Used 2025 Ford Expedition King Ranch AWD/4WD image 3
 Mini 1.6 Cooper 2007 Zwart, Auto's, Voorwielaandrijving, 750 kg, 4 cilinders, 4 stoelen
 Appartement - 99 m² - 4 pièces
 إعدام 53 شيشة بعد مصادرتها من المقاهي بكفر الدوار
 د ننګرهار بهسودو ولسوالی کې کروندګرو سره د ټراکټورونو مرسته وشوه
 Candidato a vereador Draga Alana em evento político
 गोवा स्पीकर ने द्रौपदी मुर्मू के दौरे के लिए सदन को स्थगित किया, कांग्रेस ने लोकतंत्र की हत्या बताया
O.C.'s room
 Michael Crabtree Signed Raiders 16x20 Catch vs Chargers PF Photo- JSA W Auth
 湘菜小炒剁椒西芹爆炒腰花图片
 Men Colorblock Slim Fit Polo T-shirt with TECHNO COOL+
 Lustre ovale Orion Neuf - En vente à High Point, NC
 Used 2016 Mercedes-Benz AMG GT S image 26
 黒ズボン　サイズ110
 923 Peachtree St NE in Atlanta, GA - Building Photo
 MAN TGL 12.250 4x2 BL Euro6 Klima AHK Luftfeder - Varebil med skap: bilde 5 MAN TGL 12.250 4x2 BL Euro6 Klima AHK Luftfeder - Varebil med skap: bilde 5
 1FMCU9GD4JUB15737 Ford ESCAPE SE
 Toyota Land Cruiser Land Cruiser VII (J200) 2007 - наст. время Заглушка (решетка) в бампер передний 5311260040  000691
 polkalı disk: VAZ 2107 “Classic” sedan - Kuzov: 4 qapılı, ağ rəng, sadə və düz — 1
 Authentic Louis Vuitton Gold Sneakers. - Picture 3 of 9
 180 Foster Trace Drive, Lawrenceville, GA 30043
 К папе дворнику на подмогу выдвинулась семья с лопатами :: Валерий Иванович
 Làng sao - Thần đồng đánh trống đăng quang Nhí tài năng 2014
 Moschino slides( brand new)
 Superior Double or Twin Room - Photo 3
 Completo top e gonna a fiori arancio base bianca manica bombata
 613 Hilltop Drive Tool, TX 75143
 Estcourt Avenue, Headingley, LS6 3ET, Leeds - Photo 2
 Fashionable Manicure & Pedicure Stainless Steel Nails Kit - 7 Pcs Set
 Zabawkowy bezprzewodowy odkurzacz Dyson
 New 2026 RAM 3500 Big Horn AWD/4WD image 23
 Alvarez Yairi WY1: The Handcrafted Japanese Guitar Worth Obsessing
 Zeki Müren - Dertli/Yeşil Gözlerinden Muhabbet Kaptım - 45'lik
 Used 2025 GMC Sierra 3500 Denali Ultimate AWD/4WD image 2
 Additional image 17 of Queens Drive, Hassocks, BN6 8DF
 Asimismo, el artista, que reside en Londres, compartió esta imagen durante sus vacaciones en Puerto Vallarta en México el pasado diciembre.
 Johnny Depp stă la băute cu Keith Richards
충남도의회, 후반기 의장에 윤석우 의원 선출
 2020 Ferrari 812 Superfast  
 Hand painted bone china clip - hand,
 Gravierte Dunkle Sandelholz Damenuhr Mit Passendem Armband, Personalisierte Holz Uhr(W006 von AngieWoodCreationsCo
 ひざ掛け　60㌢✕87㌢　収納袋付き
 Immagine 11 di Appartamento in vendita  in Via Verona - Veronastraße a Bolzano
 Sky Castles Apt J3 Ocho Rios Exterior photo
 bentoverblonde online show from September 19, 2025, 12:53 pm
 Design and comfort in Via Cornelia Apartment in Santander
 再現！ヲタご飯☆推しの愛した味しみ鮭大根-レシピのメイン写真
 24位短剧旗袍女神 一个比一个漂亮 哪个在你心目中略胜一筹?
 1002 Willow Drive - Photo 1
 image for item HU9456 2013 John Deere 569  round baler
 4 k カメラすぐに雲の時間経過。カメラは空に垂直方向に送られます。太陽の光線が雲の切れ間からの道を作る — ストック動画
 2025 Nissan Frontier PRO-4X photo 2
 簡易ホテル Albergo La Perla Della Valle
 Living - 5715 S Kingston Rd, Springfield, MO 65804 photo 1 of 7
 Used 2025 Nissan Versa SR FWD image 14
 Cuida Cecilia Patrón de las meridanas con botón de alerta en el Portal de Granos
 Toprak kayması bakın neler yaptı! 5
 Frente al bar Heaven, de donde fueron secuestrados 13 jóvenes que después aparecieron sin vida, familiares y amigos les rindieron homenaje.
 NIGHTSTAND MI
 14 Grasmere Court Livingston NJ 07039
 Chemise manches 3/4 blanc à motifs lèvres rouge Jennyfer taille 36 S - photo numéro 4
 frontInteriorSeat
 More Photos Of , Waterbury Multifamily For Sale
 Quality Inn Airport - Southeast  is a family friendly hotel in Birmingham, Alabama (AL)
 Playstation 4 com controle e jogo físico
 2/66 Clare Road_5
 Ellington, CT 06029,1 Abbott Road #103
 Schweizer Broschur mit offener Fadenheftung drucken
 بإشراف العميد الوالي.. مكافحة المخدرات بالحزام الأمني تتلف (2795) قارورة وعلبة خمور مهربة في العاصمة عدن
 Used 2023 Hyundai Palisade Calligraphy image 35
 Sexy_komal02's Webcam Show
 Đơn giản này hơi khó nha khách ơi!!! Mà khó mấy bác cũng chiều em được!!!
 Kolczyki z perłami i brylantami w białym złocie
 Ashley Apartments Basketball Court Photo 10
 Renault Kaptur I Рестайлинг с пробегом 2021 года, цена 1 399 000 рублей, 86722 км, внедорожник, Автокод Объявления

# [Work item]
Could you copy each line from the listing that has the word "Nissan" in it?

# [Result below]
 2025 Nissan Frontier PRO-4X photo 2
 Used 2025 Nissan Versa SR FWD image 14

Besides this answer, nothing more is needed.